Home in Cairo

The Jordan-Turkey Dialogue has finished, in terms of our collective time on the ground and in the field, for our reporters, photographers and socio-political analysts. The students all still have some work for me - mostly finalizing their Reflection papers and debriefings; that will give me a ton of work - when I receive 32 such papers (each around 2,400-2,500 words per paper) and have to finalize their grades within a week.

I'm also starting to prepare my first couple of lectures for the Balkans Dialogue, preparing as well for our first days on the ground in Belgrade, and preparing for the financial side of the Dialogue as well.

All in all, a busy time. But it's Cairo, and I'm with my wife, and our days are full of work, albeit at our own pace and in the overall setting of Egypt - a "naturally" slower pace for all.

I've not even been here a week, yet I'm finding things distinctly different from my last visit - February 19-28, and the glory days after the 'Revolution' and the fall of the Mubarak Dynasty (he and his sons are still in jail and/or "hospital arrest").

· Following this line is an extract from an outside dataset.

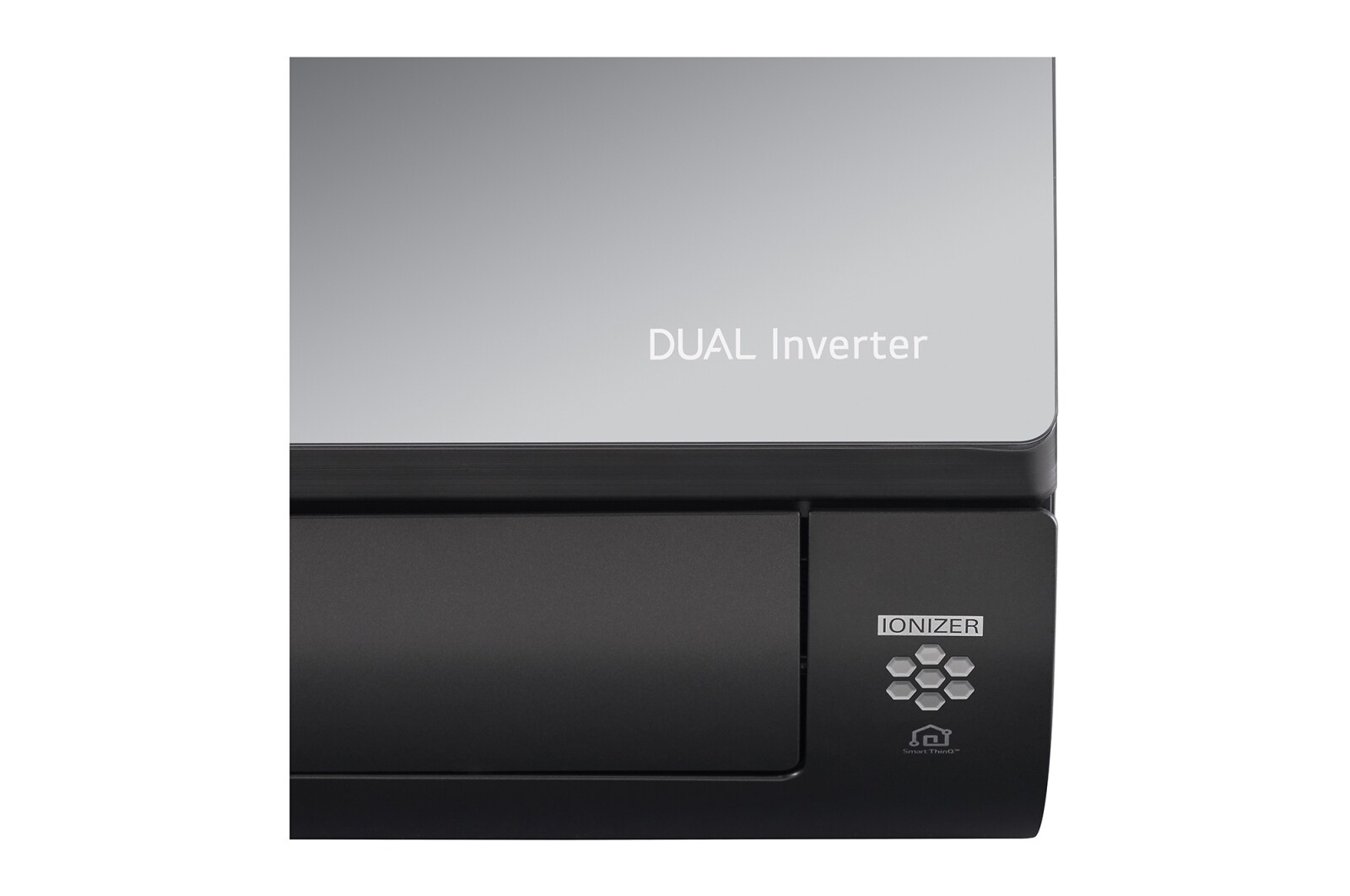 LG Vnitřní klimatizační jednotka ARTCOOL SILVER (R32) | A++/A+  (v rozsahu A+++ až D) | 5.0kW | Zabudovaná WiFi (LG Smart ThinQ) | Chytrá diagnostika | Filtr odstraňující mikroskopické částice a zápach, AC18SQ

Tourists are nowhere to be seen - so Egypt continues to take a huge hit to its economy. Security (especially on the outskirts of Cairo, and in the wee hours of the night/morning) is "iffy". I don't see such problems where we live, but still, the streets of Zamalek at night are not what they used to be - packed with people all times of the day and night; American and other foreign students wandering around the cafes (or wandering anywhere - I just don't see many here at all this summer); and the "Arabs" (as in Gulf Arabs who usually swarm to Cairo in summer) are not here in any numbers.

I find that Egyptians generally are less "Egyptian" these days - less joyful, joking, welcoming, happy-go-lucky, kind, generous. I don't mean they don't have these characteristics anymore; I mean I just don't see them as readily. They are somehow below the surface - but once the conversation gets going, they resurface (alHamdu lillah!)

The economy is depressed, and I take that as a reason why I see people similarly "depressed" (or at least repressing their traditional happiness and hope-against-despair attitude, as I have otherwise observed these past 27 years here).

And yet there is hope. There is a clear desire for better security, to bring back tourists and business; there is hope for some return to normalcy, i.e., a "new normalcy" once elections happen - but when will they actually happen? I hear more talk about the coming of Ramadan (first days of August) than I do about elections.

Istanbul exhibited more election-madness than Cairo has ... but I guess it's unfair to compare. Egyptians are still building a democratic system (Turkey has had one for decades).

So what are they waiting for? yalla! Let's go.

Comments

Popular posts from this blog

You can't get there (Serbia) from here (Kosovo) - go to Montenegro!

Student blogs - check them out!!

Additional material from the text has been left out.